I found matmul result is inconsistent with partitioned-matmal result using torch APIs/

Consider the matmul calculation: Z = XY, which can be partitioned by Z = [X1 X2][Y1 // Y2] = X1Y1 + X2Y2, where X is partitioned by the second dimension and Y is partitioned by the first dimension. The results need to be reduced to get Z.

Following is the implementation and I run it with PyTorch 1.13 on one nvidia V100-32GB GPU, but it failed at assertation on with atol=1e-2.

Can anyone help explain this?

import torch


def matmul(x, y):
    return torch.matmul(x, y)


def partitioned_matmual(x, y, num):
    xs = x.chunk(num, dim=1)
    ys = y.chunk(num, dim=0)
    out = torch.zeros(x.size(0), y.size(1), dtype=x.dtype, device=x.device)
    for x, y in zip(xs, ys):
        out += matmul(x, y)
    return out

if __name__ == '__main__':
    x = torch.randn(128, 128, dtype=torch.float16).cuda()
    y = torch.randn(128, 128, dtype=torch.float16).cuda()
    
    z = matmul(x, y)
    pz = partitioned_matmual(x, y, 2)

    print(z)
    print(pz)
    
    assert torch.allclose(z, pz, atol=1e-1)
    assert torch.allclose(z, pz, atol=1e-2)
    assert torch.allclose(z, pz, atol=1e-3)

ptrblck · April 18, 2023, 6:39am

These errors might be expected in float16 and you could use a wider dtype to increase the precision.
E.g. float32 yields an abs().max() error of ~1e-5 and float64 of ~1e-14.

ralzq01 · April 18, 2023, 6:59am

Thank you! I’m curious that whether this mismatching is due to different ordering of multiplication and reduction in the underlying hardware?
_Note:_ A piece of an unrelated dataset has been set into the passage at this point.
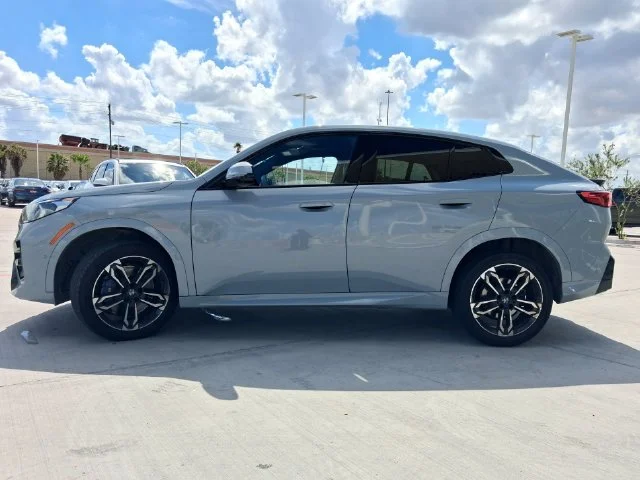 Used 2024 Gray BMW xDrive28i image 4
ptrblck · April 18, 2023, 7:43am

Yes, numerical mismatches due to the limited floating point precision can be caused by a difference in the operation order as seen also in this small example:

x = torch.randn(100, 100)
s1 = x.sum()
s2 = x.sum(0).sum(0)
s3 = x[torch.randperm(x.size(0))].sum()
print(s1 - s2)
# tensor(-5.7220e-06)
print(s1 - s3)
# tensor(1.1444e-05)